Yesterday was one of my favorite days of the year. We received our annual shipment of flowers from Bailey Nurseries in St. Paul. It took five of us an hour to unload everything. Neighbors came from all over to pick up their share of the plants. Now we just have to get everything left into the ground around the cabins. My back hurts just thinking about it.
Pansies brought to mind a story I once read by Deitrich Lange. He and his wife camped on Northe Lake for six weeks in the summer of 1917. They came in by the railroad from Thunder Bay to the North Lake station since there was no road from Grnad Marais. I read his diary of the trip. Deitrich kept meticulous notes because once home he wrote essays for young people about nature.
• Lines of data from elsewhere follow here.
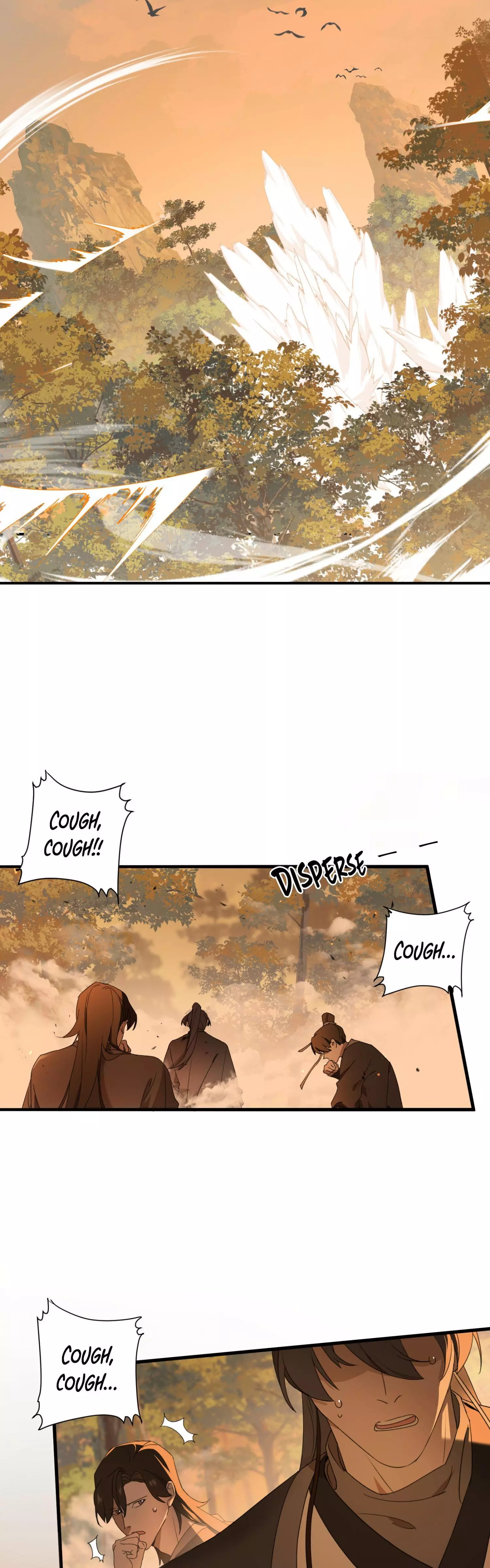 The Snake Demon Wants To Flee - Chapter 2 Page 3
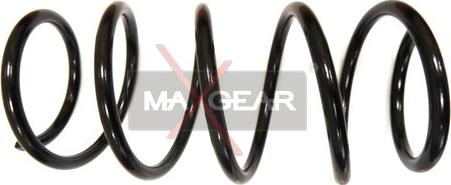 Maxgear 60-0073 - Balstiekārtas atspere www.autospares.lv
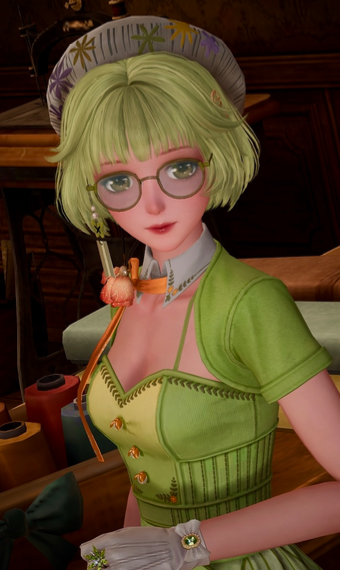 Green Chic image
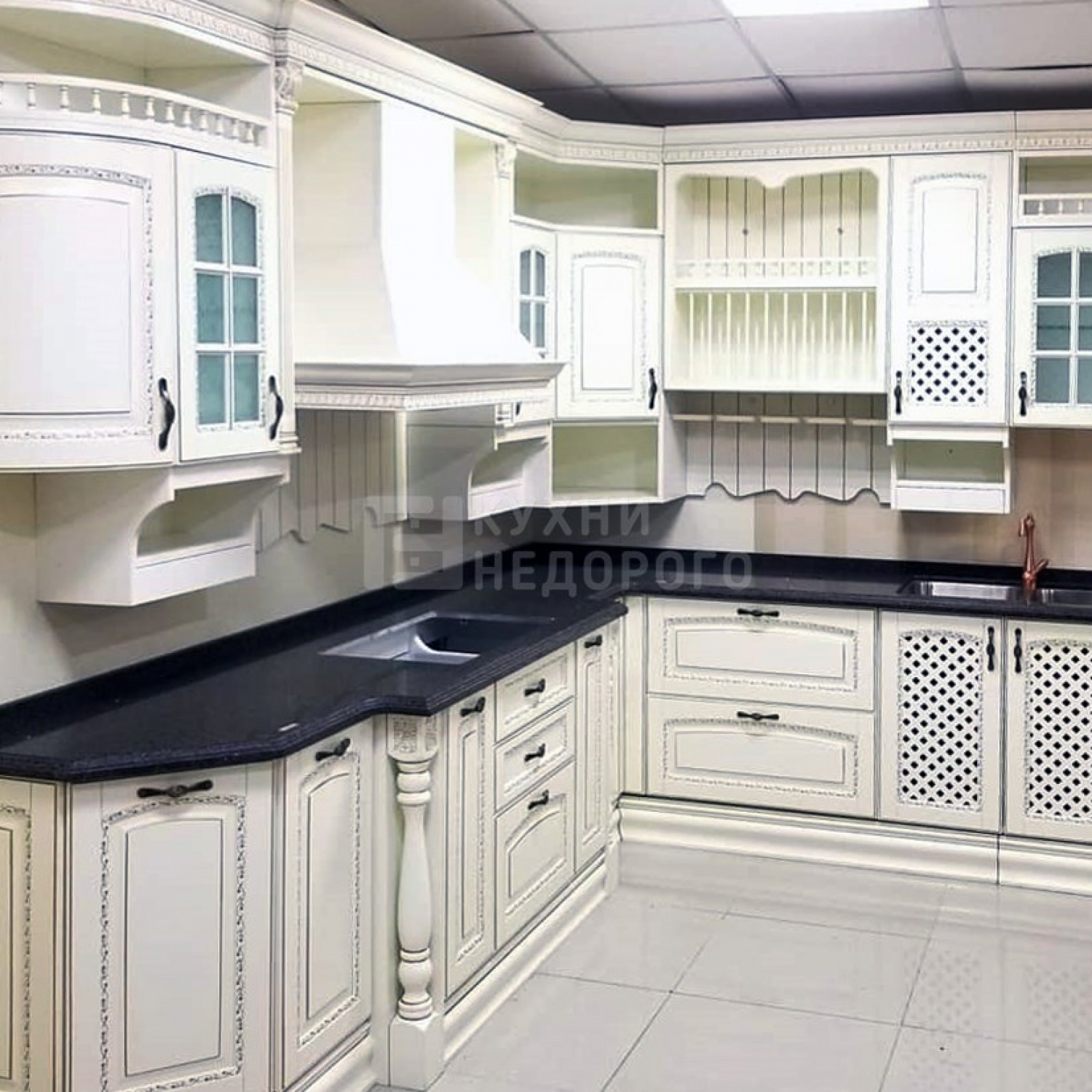 Кухня Иерро
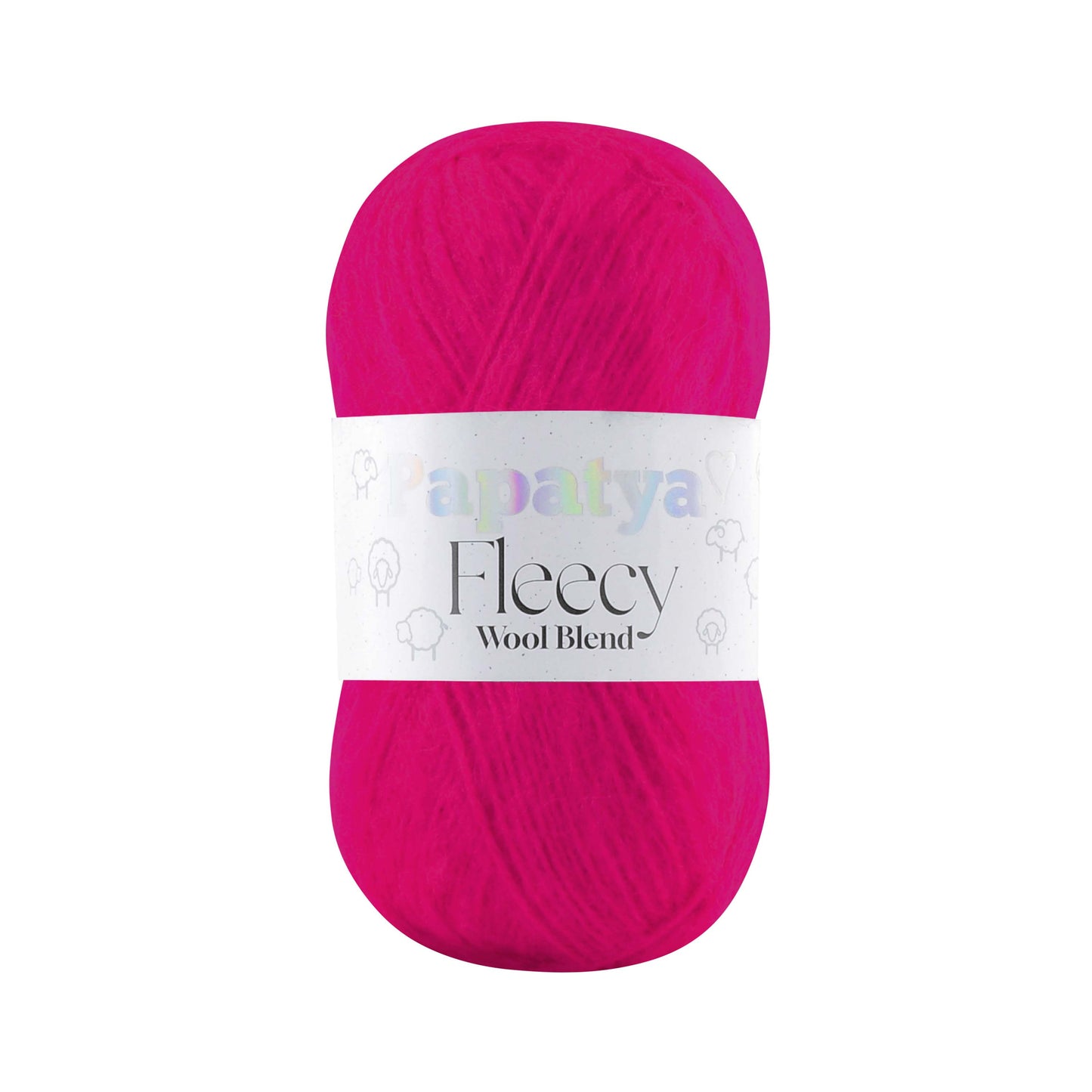Papatya Fleecy Neon Rose (4370)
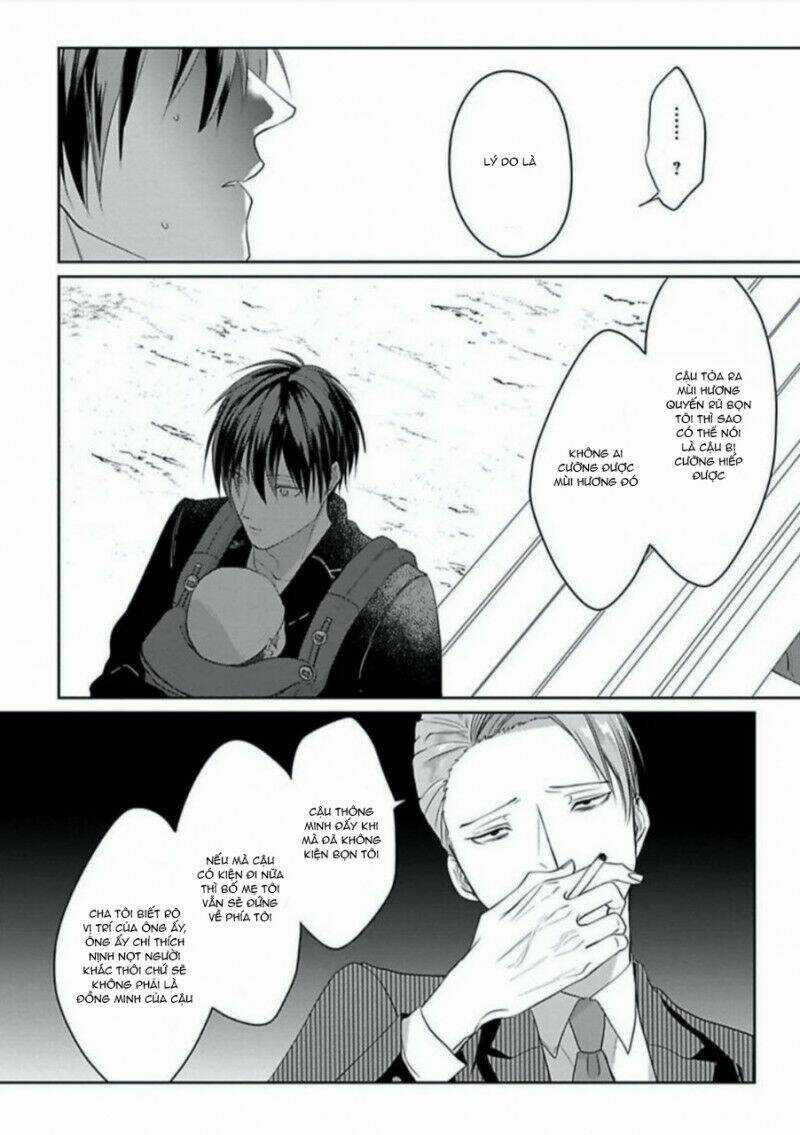 Hãy Khiến Tôi Ghét Cậu Chapter 10 trang 18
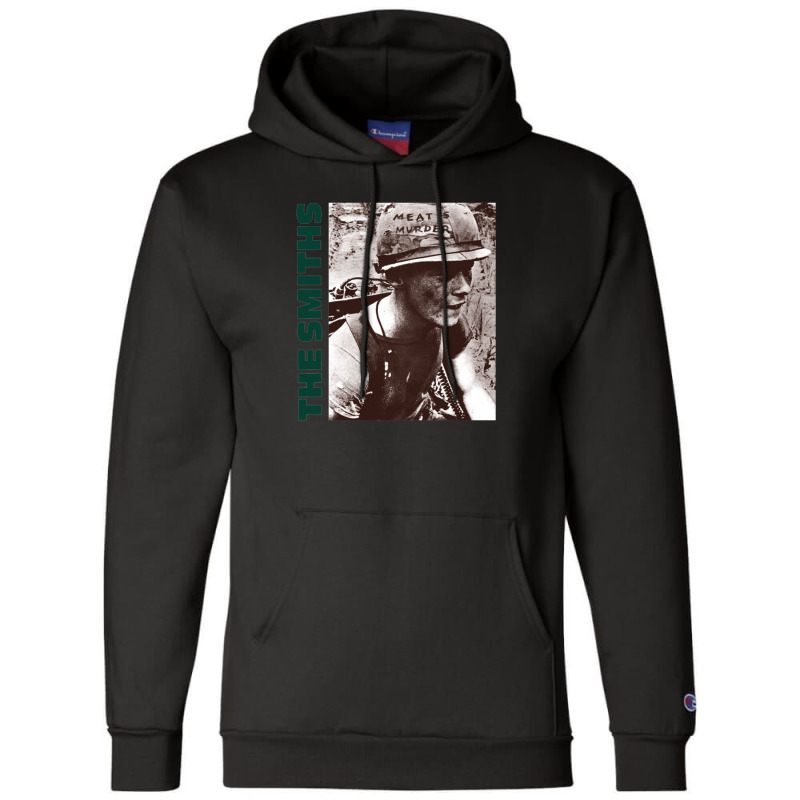 The Meat Soldiers Champion Hoodie | Artistshot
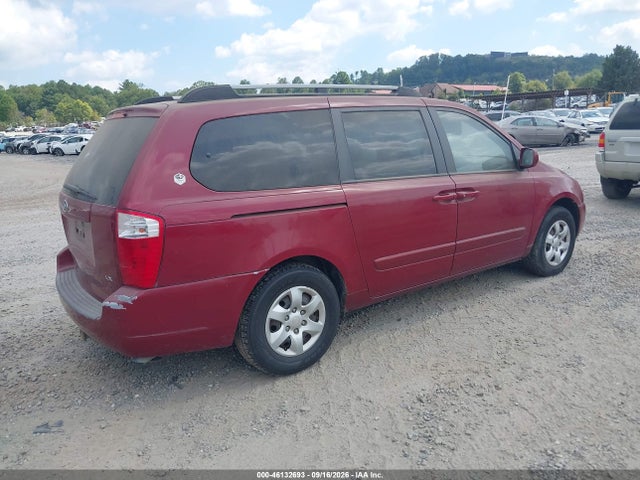 46132693 :رقم المزاد ، KNDMB233X86256412 vin ، 2008 Kia Sedona Lx مزاد بيع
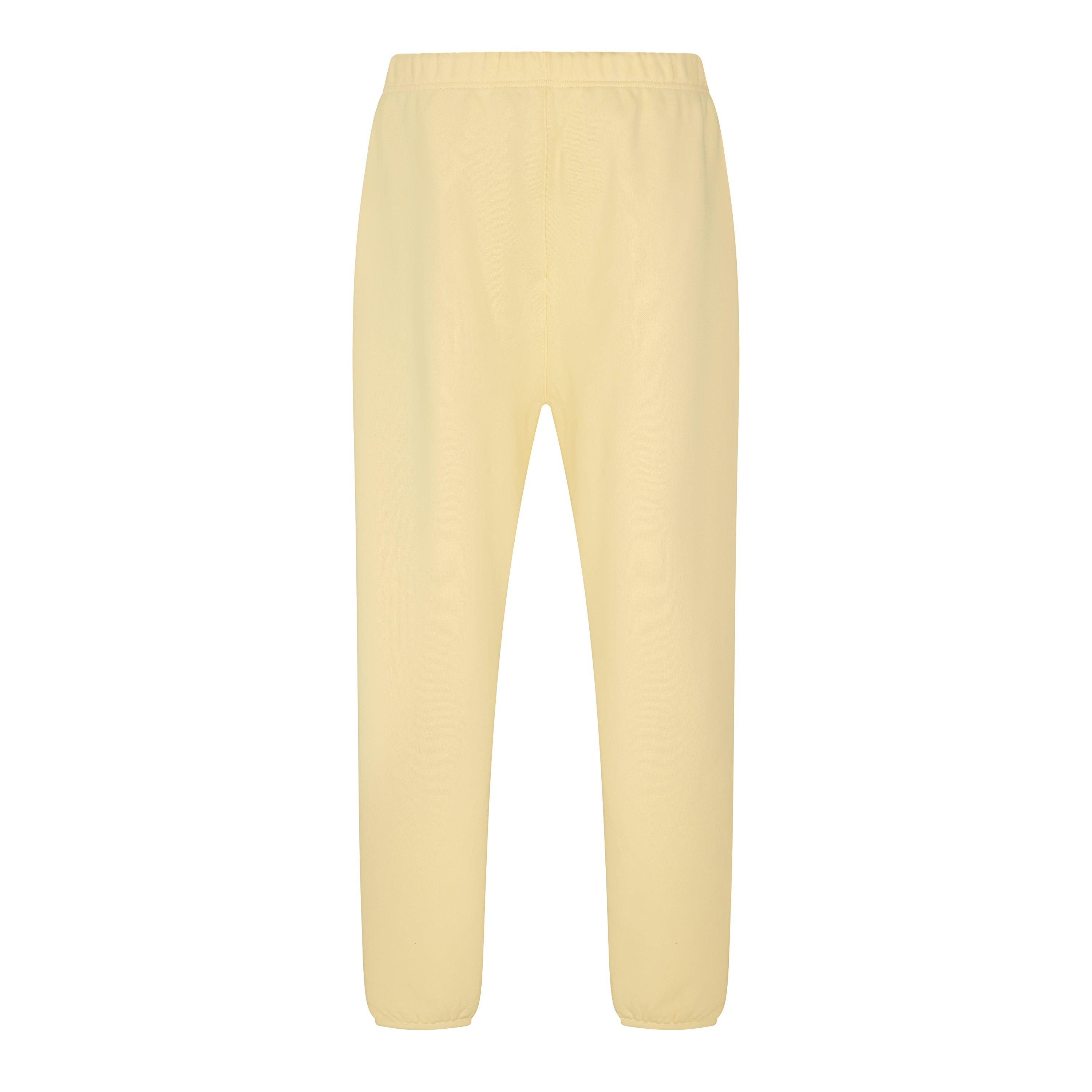 Garden Yellow - Fear Of God Essentials - Men's Slim Fit Joggers - 2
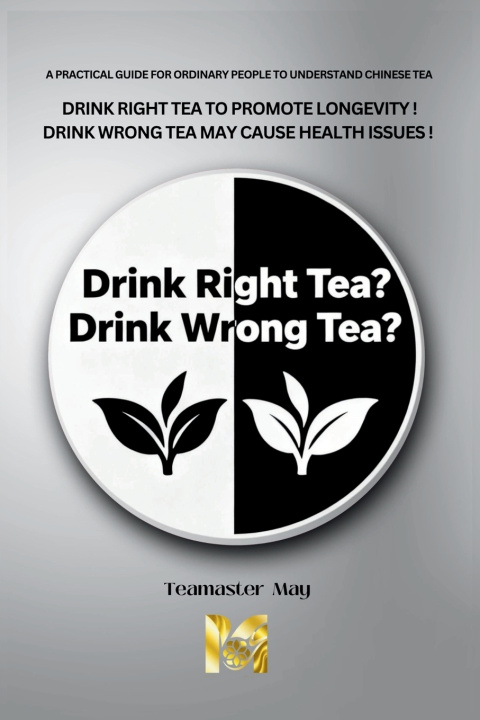 Kniha Drink Right Tea ? Drink Wrong Tea ? Teamaster May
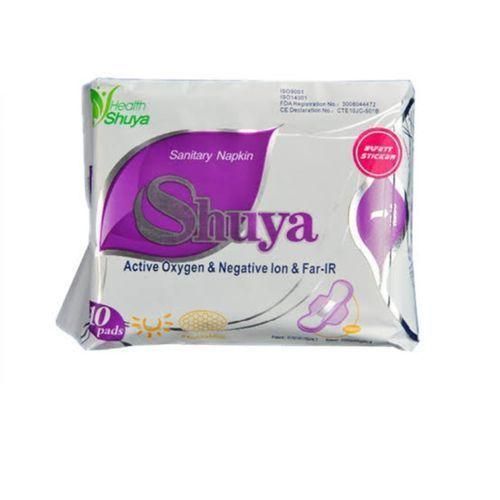 Shuya Purple Ultra Sanitary Pads - 1pc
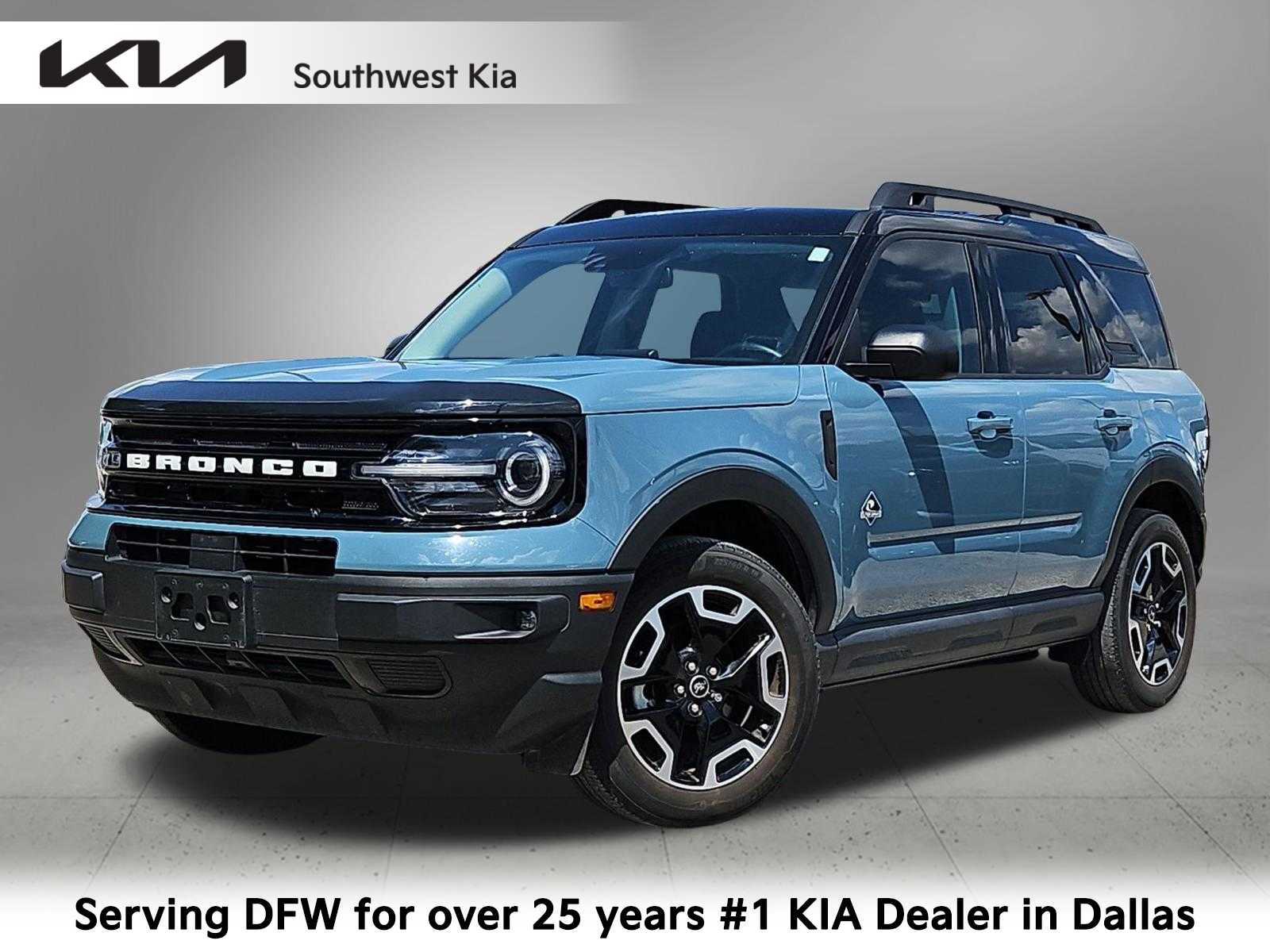 2023 Ford Bronco Sport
In a book of his collected essays called "Stories from the Woodland Trail," I read "Violets and Pansies." Here is just one paragraph from that essay. "The largest and most gorgeous pansies I ever saw were not raised by some rich man's gardener, but by an old hermit, who lived in the wilderness north of Lake Superior. On a beach of red shingle and pebbles on Gunflint Lake on the International Boundary, the old man had converted into beds of pansies: Pansies white, and yellow, blue and purple, and very dark pansies smiling and pansies laughing, pansies suggesting all human moods and faces. It was woth a journey of many miles to see the pansies of the Hermit of Gunflint Lake, and the old man enjoyed bringing his finest pansies to the lady in camp."
The man was George Wartner who lived on the northeast shore of Gunflint. His only way to town was to paddle or walk to the North Lake railroad station and go to Thunder Bay. It's hard to believe how isolated he was. George's story must wait for another day but think about him when you see our pansies.